* _Task statement_
Using the listing below, retype exactly the lines starting at the one with "A Plus Collision" and ending at the one with "JJR/C C40 2.4", and include both.

* _Records for this exercise_
>>>

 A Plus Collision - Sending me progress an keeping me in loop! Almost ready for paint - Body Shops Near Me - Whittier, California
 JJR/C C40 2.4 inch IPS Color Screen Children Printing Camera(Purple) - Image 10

<<<
>>>

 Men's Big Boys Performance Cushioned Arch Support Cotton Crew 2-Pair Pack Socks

<<<
>>>

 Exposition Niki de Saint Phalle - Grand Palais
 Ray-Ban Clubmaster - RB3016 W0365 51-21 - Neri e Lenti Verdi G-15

<<<

* _Problem solution_
 A Plus Collision - Sending me progress an keeping me in loop! Almost ready for paint - Body Shops Near Me - Whittier, California
 JJR/C C40 2.4 inch IPS Color Screen Children Printing Camera(Purple) - Image 10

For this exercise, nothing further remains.